Remember I mentioned Henry Ford’s quote in the 3rd part of the series  “whether you think you can, or think you can’t – you’re right”. Your beliefs about yourself influence your thoughts, so really what is at play here is an awareness of your inner beliefs and how those inner beliefs can determine your success as a leader. This part of the series relates to transitioning into a leadership role, and how your ingrained beliefs can make a success or failure of your move.

2 key questions:

  1. What do you believe about your potential to succeed in the new role?
  2. What do you assume it takes to succeed in the new role?

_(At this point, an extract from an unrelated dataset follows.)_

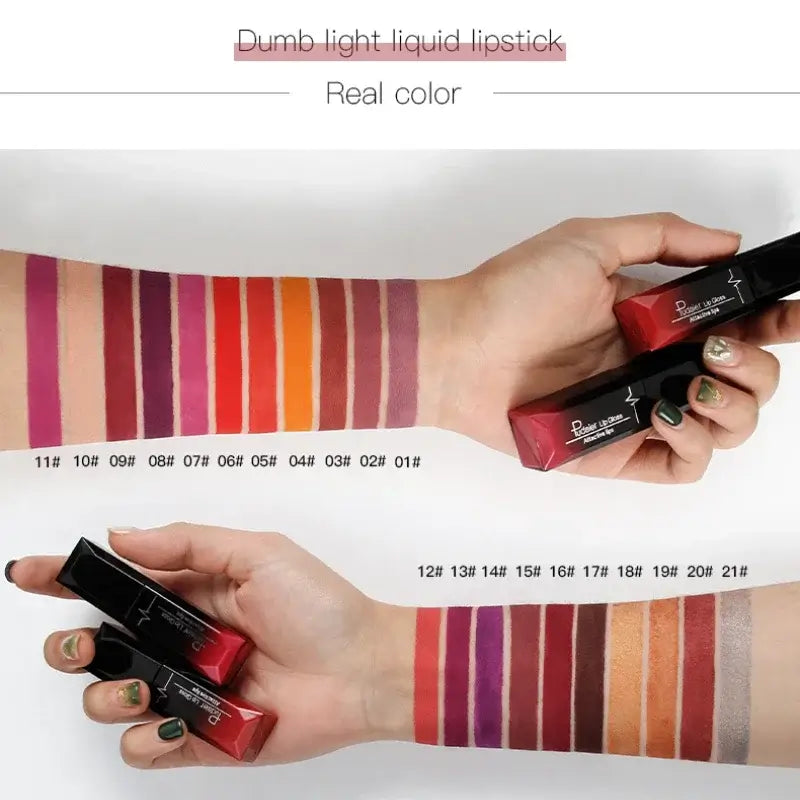 Swatches of Dumb Light Liquid Lipstick showcasing real colors on arms with multiple shades and lipstick tubes.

Identifying your beliefs in relation to what success looks like in the new role is a greatly beneficial exercise to undertake. Why? Because the beliefs that serve you well in life, can only serve you up to a certain point,  and then they can become debilitating. There’s a whole library of neuroscience research and evidence which supports this which I won’t go in to here. Feel free to contact me at [email protected] or take a look at our leadership coaching programmes, if you’re interested in being pointed in the direction of further reading.

Your beliefs shape your life.

A very brief summary is that our beliefs are ingrained in us from a young age. They shape everything we see and experience, and our perceptions of events reflect the beliefs we hold about them. We’re not conscious of them.

Let me illustrate through an example which is indicative of thousands of coaching assignments across the world each week. Let’s say “John” was told by his Dad that he was “wise with money” as a child and it made him beam at the time. Over time, his subconscious mind filters events so his perception of different experiences support that which he already believes to be the case. At some stage the belief expanded into “Spending money is foolish”.

As it becomes reinforced, he becomes more and more cautious about spending. It also guides his choices about his career, and he chooses to study accountancy. It serves him well during university, he isn’t as broke as his mates and he comes back from his summers away with a few extra quid. It even serves him well in his 20’s and early 30’s as he builds his career – it also protects him from taking risks which would have backfired such as investing some of his savings just before the crash. All the more, with each experience, he reinforces the idea that taking risk with money and investment is foolish.

He gets promoted in work from senior accountant to finance director. He was a shoe in for it and he is delighted. In his eyes and those who surround him in work, there wasn’t really any point in interviewing anyone else for the role.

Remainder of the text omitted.